The Body's Response: When our brains start warning us about perceived dangers, they trigger a fight-or-flight response. This prepares us as if we were facing a predator—speeding up our heart rate, quickening our breathing, and sending blood to our core. Our body reacts as if we’re facing a tiger, but in reality, the “danger” may be far less threatening.
How the Safe Emergency Technique Works: The key is to create a manageable challenge that’s just outside your comfort zone. For example, let’s say you want to overcome your fear of eating food purchased outside the home. The challenge should feel slightly uncomfortable—enough to activate your body’s emergency response, but not so much that you become overwhelmed.
Start small. For instance, you might walk into a coffee shop and order a drink. Then, give your body time to acclimatize to the experience. Notice the thoughts that arise—perhaps warnings about risk or danger—and sit with the sensations for a while. You may or may not drink the beverage you ordered, but just stay in the discomfort.
Use all your coping strategies: self-talk, deep breathing, grounding yourself in the present, holding a friend’s hand, or observing smiling faces around you. Stay in this safe emergency for as long as you can.
Gradual Progression: Next, take a very small step—perhaps the same step again, but this time you take a sip of the drink.

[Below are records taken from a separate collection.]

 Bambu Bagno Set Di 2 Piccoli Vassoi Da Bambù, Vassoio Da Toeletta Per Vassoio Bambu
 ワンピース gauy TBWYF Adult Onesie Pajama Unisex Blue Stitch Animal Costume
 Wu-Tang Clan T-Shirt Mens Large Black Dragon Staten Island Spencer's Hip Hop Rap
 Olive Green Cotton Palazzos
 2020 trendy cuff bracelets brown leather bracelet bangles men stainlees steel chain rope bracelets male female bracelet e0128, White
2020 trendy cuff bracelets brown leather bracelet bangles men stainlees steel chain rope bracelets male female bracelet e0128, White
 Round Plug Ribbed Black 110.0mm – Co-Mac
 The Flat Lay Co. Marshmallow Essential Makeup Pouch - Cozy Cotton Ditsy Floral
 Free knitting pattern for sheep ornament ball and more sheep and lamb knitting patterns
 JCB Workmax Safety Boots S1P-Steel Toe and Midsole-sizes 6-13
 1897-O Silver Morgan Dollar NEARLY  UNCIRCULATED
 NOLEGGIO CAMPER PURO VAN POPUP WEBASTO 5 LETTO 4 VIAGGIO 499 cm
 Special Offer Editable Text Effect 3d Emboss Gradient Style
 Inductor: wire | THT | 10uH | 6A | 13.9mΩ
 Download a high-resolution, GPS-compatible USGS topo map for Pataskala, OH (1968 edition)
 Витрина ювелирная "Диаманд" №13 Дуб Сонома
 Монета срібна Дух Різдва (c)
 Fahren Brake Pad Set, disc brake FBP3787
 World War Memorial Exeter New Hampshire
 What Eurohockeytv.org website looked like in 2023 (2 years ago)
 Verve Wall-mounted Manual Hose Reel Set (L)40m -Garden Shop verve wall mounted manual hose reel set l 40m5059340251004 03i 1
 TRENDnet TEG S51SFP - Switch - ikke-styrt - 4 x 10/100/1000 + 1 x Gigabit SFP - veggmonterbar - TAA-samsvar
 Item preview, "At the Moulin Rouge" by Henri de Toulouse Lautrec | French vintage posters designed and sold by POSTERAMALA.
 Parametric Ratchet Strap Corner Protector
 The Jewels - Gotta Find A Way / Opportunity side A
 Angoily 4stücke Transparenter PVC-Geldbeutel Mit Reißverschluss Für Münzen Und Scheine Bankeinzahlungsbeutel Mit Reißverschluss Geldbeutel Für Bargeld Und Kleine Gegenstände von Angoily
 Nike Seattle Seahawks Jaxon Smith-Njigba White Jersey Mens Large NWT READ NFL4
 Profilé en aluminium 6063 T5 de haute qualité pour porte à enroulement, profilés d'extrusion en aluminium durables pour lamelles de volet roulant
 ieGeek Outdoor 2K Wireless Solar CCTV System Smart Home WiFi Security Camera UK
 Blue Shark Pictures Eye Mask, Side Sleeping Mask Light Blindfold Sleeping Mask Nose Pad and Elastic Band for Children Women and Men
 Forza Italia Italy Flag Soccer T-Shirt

Ensure that each step is a manageable challenge. The key is to progress slowly—allowing your brain and body to gradually acclimatize to the discomfort of the situation. Over time, you’ll scaffold yourself toward your goal.
The Power of Compassion and Patience: The beauty of this technique is that it respects your fear response and the evolutionary mechanisms that drive it. Too often, we try to push ourselves forward by bullying our fear, using harsh self-talk like “don’t be stupid,” “grow up,” or “just do it.” This approach may give you temporary success, but it’s rarely sustainable and can even sabotage your future efforts.
The Safe Emergency Technique is rooted in self-compassion, self-love, and most importantly, self-acceptance of the pace we need to move forward. When our fear-driven parts trust that we won’t overpower them, they collaborate more willingly.
“Power over” never works. But “Power with” is the key to long-term success—and it is, in fact, the most important way we survived and thrived as a species.